Yesterday, I was delighted by a few language-related articles which were featured on the BBC’s News site. One in particular should be music to the ears of Web service professionals everywhere: Spelling mistakes ‘cost millions’ in lost online sales.
The article reports data and deals with issues which we, as an industry, have come to dread: late and lacklustre online content, bad Web copy, and the lack of trust that comes from it.
Here is my take on the problem and why I think professional writers are a must for every business’ Web venture.
Just because you can, doesn’t mean you should.
There is a good reason for consulting with a professional Web writer or copyeditor before you go ahead and do something of which you know nothing in terms of expertise.
For instance, the fact that a lot of people are now able to set up a WordPress site does not mean we are suddenly all Designers or Publishers. It does mean, however, that as technologies have progressed, accessible services have become inexpensive and are now widely available. Online technologies are adopted to such an extent that the open-source community is now able to produce a five-minute-installer for an out-of-the-box system that is robust enough to be competently used by the masses.
Good copywriting is a craft.
A literate graduate of secondary or higher education programmes does not, necessarily, a professional writer make.

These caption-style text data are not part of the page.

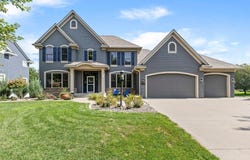 11542 Avery Drive, Inver Grove Heights, MN 55077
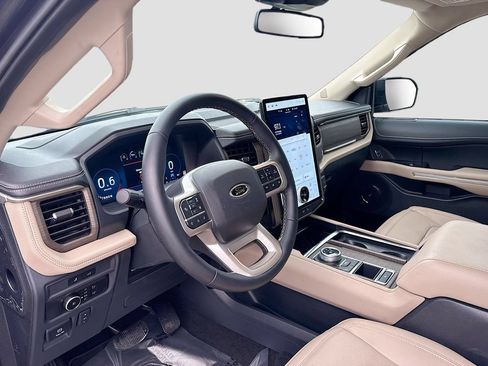 Used 2024 Ford Expedition Limited RWD image 9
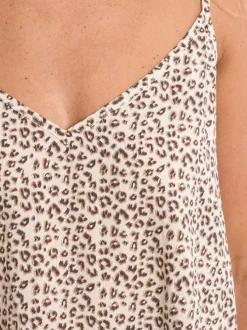 Top blanc à motifs sans manche pourvu d'une coupe droite et d'un col v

Writing great copy relies on a specific skill set. Writing quality content for the Web depends on another, very specific, skill set. The craft of writing captivating and logically flowing articles and stories that are error-free requires skills which must be honed through years of experience in order to reliably produce high quality Web content.
Writing quality Web content is a craft. The art of good copy is not a matter of indulging Web teams to spend ever growing budgets. The Web writer is a service professional and a creative solution finder who can tackle the challenges of creating quality Web copy in a reliable manner.
Publisher, and founder of Penguin Books, Sir Allen Lane, addressed similar issues with the words:
…good design is no more expensive than bad.
—Sir Allen Lane
A professional copywriter is able to support your business endeavours by
- producing fresh, bespoke & distinguished copy,
- crafting content according to your business objectives,
- creating effective copy for the specific purpose,
- catering to your timeline,
- drafting copy in a consistent manner,
- writing according to tone, voice & style guidelines, and
- finding the right words for the task at hand.
Your second cousin’s neighbour’s video-game-prodigy daughter or the student intern off the street may have the expertise it takes to turn in good copy in a consistent and professional manner. But chances are they don’t. In short, creating good copy is a job for a professional.
So, do yourself a favour and find a good Web writer. It makes everybody happy:
- Happy organisations because quality copy makes them look good and trustworthy. Which in turn supports organisational and business goals.
- Happy users because they come to your site and find what they are looking for. Fast.
- Happy designers because they get sample copy to help them think about a site’s character.
- Happy developers because they get sample copy to build a site around.
- Happy information architects because they have someone to discuss navigational elements and the taxonomy with.
- Happy user experience designers because they have someone to help them design effective user instructions and microcopy.
- Happy content strategists because they have content creation partly covered.
- Happy marketers because their message is heard and more users want to engage with you.
- Happy copywriters because they beautified another Web site.
Good copy is a service.
Apart from maintaining your credibility, a professional Web writer produces quality content with the user's needs in mind. It is a challenge that a copywriter cannot resist!
A professional Web writer knows how to frame content, how to instruct the visitor with the right bits of information at the time, how to help the user get things done and how to support those users accomplish tasks.
If an e-commerce site throws unusable error messages at me during the check-out process, I can try to muddle through until I reach the submit button. Or, I may just leave the site that makes me feel stupid. Nobody forces me to give them my hard earned money.
If I am a S.T.U.P.I.D. user, and I probably am, and if I failed to read your entire three page registration form, thus filling it out incorrectly,… well… if you don’t give me comprehensible feedback messages I can act upon… I have no opportunity to give you my money, however much I might like to.
If you'd asked me personally: I would not put up with that. Knowing I can get the same thing off Amazon or eBay, I’ll probably go there; and get it in one click or so.
Understand this: there are customers out there who want to give you money. Your Web site must not come between you and their money.
Users who come to your Web site looking for information or seeking to complete a specific task appreciate suitable content. They want to get stuff done. A professional Web writer can cater to those user needs. They may even find better words for your obscure menus. They can make your microcopy work harder so the user does not have to. They can evoke a whole brand personality by crafting a Thank you message.
Good copy makes business sense.
In closing, there's money in good copy. Isn't that why we produce it? So, if you want to glean more advertising revenue from increased traffic to your site, avail yourself of the services of a professional and profit from their expertise.
Help the users to trust you. Users want to trust you. It is when they see bad copy or poorly laid out Web sites that they start to question your authority, expertise and credibility. And then they won’t give you their precious payment details and everybody is bound to end up heartbroken and unhappy.
In this article, I use the terms Web content & copy, as well as copywriter & Web writer somewhat synonymously.